WHAT IS NEEDED: Only these lines are needed: the first line of the entries below through the line with "Leonardo 250-300 (Minarelli", each returned exactly.

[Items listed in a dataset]
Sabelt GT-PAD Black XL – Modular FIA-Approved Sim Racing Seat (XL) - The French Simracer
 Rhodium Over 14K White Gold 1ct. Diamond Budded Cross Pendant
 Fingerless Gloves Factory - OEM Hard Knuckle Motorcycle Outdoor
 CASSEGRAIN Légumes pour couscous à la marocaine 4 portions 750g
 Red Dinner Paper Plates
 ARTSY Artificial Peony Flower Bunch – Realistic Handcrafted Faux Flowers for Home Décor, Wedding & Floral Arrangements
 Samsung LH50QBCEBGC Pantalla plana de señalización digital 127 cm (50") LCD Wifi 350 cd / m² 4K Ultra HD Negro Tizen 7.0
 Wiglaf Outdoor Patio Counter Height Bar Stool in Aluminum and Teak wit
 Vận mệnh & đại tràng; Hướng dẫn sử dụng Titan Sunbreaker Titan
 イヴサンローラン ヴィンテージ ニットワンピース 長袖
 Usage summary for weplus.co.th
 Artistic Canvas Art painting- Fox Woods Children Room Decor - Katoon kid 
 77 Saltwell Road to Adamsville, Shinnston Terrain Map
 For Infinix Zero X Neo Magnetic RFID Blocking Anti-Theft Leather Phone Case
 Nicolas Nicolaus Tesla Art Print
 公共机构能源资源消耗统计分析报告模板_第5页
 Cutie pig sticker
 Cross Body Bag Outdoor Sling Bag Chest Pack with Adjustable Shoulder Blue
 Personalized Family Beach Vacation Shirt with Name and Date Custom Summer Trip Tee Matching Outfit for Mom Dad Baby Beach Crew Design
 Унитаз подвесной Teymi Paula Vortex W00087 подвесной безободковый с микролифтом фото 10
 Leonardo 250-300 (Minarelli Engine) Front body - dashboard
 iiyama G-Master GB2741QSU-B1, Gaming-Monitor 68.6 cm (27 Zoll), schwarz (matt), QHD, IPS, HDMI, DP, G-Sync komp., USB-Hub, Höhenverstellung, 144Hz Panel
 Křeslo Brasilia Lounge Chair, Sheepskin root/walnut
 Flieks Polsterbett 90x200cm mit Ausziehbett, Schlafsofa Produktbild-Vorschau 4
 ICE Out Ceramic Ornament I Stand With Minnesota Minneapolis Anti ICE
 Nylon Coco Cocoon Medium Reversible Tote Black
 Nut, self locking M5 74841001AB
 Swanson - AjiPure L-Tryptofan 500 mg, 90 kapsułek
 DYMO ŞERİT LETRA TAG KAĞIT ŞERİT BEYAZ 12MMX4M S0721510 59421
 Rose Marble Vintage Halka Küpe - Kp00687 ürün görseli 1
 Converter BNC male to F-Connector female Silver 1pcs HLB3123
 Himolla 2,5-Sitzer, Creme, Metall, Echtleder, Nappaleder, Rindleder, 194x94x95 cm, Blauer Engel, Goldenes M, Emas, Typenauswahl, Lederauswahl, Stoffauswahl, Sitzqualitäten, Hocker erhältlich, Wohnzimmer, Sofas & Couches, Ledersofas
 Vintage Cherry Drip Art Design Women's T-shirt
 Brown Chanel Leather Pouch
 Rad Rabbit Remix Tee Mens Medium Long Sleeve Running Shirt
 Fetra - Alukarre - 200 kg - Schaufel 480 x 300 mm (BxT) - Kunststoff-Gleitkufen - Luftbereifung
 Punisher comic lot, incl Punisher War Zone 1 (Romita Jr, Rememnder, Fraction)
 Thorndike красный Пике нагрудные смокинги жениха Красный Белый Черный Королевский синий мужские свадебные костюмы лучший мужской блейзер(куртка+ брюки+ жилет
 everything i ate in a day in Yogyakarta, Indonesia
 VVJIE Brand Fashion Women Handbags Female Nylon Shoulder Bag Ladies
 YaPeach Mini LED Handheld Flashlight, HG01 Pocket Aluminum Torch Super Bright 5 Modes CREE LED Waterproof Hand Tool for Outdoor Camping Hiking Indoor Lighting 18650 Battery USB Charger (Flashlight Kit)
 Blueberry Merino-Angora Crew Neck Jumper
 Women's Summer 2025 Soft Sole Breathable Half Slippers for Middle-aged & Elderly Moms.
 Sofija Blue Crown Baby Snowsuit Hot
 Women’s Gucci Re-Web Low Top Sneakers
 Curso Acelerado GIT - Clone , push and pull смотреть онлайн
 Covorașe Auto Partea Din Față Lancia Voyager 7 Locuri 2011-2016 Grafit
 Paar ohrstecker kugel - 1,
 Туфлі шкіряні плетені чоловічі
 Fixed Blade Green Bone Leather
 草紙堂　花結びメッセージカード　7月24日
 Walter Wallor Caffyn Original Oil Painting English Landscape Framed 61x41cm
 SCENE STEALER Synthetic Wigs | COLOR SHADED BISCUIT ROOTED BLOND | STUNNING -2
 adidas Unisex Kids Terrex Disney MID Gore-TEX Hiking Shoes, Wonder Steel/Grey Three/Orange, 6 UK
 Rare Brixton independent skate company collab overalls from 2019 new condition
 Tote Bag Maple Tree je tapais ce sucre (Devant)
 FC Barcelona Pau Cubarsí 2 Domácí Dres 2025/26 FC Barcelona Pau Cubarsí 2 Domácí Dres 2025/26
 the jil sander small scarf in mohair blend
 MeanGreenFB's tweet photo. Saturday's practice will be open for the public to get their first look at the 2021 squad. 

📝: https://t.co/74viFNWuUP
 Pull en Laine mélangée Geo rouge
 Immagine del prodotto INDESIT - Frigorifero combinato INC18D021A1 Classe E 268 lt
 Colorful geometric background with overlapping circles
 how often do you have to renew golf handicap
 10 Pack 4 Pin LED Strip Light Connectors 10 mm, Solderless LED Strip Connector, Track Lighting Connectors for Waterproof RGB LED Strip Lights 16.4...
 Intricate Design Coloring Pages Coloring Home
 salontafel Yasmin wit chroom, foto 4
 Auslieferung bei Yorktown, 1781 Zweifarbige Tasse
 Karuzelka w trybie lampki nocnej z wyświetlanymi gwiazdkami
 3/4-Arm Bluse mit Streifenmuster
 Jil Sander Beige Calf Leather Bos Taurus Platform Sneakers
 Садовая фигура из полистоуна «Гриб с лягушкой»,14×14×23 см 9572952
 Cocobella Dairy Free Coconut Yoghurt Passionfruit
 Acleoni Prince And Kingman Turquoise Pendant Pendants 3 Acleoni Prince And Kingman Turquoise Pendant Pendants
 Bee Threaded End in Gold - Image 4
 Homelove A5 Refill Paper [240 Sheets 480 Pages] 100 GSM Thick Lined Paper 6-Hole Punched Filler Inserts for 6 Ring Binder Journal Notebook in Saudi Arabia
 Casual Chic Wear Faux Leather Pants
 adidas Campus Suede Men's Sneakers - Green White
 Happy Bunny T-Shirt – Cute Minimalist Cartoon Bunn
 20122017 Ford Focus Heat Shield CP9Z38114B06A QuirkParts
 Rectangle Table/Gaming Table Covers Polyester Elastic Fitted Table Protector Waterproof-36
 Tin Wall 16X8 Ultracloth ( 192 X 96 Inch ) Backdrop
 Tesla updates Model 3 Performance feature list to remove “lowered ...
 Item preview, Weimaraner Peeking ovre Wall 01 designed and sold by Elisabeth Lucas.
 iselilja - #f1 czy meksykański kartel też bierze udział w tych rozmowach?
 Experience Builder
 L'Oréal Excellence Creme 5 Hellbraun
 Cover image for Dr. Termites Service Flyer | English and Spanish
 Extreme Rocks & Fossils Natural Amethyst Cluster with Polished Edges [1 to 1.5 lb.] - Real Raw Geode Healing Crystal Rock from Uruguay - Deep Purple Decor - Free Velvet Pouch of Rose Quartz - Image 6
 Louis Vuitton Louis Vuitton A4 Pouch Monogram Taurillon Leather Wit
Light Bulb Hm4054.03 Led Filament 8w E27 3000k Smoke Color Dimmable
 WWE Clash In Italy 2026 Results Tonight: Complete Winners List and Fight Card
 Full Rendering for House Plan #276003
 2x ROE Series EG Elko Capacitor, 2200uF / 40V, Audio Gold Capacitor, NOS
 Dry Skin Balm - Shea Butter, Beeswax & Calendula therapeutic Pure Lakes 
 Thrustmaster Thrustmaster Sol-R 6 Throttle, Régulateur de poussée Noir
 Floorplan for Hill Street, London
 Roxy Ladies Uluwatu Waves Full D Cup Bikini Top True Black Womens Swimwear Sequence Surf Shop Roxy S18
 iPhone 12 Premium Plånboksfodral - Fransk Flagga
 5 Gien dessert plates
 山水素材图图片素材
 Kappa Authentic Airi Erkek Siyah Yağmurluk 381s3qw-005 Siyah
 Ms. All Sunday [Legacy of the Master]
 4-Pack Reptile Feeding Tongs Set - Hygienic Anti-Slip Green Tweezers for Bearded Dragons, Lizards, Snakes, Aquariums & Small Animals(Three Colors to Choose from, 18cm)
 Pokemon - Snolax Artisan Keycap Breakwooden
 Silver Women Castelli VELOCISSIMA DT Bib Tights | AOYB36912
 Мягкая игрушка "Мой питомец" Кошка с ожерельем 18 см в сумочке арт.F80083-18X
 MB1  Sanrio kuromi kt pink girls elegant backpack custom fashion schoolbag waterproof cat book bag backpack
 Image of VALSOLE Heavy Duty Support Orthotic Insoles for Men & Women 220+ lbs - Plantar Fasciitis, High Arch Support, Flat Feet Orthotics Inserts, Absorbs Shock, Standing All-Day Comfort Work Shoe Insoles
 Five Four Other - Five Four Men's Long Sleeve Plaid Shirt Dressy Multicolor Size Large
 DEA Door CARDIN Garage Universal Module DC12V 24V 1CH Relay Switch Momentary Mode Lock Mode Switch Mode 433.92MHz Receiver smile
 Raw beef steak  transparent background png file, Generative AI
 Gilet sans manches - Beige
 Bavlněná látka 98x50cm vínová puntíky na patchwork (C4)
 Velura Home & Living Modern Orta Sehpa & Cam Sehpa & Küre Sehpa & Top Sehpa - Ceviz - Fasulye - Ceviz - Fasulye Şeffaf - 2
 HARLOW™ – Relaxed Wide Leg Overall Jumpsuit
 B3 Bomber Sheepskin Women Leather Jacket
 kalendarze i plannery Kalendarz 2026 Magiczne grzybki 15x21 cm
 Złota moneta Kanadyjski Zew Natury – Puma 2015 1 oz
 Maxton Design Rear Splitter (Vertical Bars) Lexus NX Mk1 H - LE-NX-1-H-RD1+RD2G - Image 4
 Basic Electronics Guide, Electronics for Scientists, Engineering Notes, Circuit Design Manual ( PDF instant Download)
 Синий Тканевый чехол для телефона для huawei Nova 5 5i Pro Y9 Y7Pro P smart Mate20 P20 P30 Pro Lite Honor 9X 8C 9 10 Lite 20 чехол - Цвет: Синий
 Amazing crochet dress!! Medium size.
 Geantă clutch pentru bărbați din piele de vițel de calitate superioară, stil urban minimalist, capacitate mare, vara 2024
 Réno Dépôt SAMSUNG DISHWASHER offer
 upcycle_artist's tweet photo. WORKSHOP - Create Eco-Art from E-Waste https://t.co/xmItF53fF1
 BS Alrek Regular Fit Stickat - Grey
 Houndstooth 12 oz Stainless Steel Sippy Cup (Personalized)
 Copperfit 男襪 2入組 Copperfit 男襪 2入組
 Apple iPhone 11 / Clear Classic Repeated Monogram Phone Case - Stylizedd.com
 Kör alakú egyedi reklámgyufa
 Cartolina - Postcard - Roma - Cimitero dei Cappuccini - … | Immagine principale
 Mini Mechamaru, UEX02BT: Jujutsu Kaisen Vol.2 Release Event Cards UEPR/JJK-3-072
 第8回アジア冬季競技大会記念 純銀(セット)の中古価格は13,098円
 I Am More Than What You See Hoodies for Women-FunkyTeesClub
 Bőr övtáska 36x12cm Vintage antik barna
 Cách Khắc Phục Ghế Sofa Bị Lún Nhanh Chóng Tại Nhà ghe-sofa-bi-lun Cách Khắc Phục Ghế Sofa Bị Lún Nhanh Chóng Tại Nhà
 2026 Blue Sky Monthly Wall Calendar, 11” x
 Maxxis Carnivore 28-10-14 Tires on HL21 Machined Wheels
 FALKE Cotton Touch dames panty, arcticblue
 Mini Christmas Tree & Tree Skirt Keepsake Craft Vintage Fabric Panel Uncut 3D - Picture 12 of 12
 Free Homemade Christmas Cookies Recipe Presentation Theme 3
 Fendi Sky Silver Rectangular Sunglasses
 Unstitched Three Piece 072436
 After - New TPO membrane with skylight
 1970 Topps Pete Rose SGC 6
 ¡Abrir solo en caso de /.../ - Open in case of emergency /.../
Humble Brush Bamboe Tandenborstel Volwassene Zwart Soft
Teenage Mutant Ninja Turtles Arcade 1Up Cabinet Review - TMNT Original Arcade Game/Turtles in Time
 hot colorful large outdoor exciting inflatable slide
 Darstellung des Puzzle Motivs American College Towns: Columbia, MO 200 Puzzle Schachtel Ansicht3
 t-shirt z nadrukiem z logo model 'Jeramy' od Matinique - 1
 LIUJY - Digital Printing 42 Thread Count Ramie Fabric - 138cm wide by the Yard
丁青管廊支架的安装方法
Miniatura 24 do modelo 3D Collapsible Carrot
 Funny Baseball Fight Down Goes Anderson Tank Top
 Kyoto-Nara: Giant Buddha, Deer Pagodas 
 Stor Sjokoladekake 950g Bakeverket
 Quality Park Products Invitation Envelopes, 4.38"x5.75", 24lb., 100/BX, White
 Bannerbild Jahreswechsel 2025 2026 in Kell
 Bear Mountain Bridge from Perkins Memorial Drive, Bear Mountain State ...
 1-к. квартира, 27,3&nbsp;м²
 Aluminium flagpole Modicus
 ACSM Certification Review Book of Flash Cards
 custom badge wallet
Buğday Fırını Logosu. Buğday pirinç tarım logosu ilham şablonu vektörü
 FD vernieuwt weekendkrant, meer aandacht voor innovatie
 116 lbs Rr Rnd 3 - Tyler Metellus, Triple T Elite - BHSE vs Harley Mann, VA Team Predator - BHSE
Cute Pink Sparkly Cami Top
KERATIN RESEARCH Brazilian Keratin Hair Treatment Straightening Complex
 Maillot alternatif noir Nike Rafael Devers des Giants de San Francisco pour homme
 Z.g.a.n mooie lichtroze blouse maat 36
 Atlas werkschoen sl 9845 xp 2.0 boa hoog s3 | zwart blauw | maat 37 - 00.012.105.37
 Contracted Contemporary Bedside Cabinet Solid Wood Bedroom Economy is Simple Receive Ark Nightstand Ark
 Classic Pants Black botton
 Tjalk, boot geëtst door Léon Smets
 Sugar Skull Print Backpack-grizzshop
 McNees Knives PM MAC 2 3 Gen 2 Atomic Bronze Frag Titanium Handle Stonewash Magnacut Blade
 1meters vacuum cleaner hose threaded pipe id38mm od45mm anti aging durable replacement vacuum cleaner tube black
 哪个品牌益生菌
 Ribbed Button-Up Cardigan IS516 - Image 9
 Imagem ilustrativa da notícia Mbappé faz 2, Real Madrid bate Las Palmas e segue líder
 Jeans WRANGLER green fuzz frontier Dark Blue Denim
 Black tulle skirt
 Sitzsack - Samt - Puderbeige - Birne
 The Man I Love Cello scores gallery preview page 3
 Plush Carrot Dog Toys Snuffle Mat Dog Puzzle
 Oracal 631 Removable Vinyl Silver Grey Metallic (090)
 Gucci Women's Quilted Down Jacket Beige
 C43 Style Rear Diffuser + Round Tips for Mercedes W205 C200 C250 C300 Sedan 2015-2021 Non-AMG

OUTPUT:
Sabelt GT-PAD Black XL – Modular FIA-Approved Sim Racing Seat (XL) - The French Simracer
 Rhodium Over 14K White Gold 1ct. Diamond Budded Cross Pendant
 Fingerless Gloves Factory - OEM Hard Knuckle Motorcycle Outdoor
 CASSEGRAIN Légumes pour couscous à la marocaine 4 portions 750g
 Red Dinner Paper Plates
 ARTSY Artificial Peony Flower Bunch – Realistic Handcrafted Faux Flowers for Home Décor, Wedding & Floral Arrangements
 Samsung LH50QBCEBGC Pantalla plana de señalización digital 127 cm (50") LCD Wifi 350 cd / m² 4K Ultra HD Negro Tizen 7.0
 Wiglaf Outdoor Patio Counter Height Bar Stool in Aluminum and Teak wit
 Vận mệnh & đại tràng; Hướng dẫn sử dụng Titan Sunbreaker Titan
 イヴサンローラン ヴィンテージ ニットワンピース 長袖
 Usage summary for weplus.co.th
 Artistic Canvas Art painting- Fox Woods Children Room Decor - Katoon kid 
 77 Saltwell Road to Adamsville, Shinnston Terrain Map
 For Infinix Zero X Neo Magnetic RFID Blocking Anti-Theft Leather Phone Case
 Nicolas Nicolaus Tesla Art Print
 公共机构能源资源消耗统计分析报告模板_第5页
 Cutie pig sticker
 Cross Body Bag Outdoor Sling Bag Chest Pack with Adjustable Shoulder Blue
 Personalized Family Beach Vacation Shirt with Name and Date Custom Summer Trip Tee Matching Outfit for Mom Dad Baby Beach Crew Design
 Унитаз подвесной Teymi Paula Vortex W00087 подвесной безободковый с микролифтом фото 10
 Leonardo 250-300 (Minarelli Engine) Front body - dashboard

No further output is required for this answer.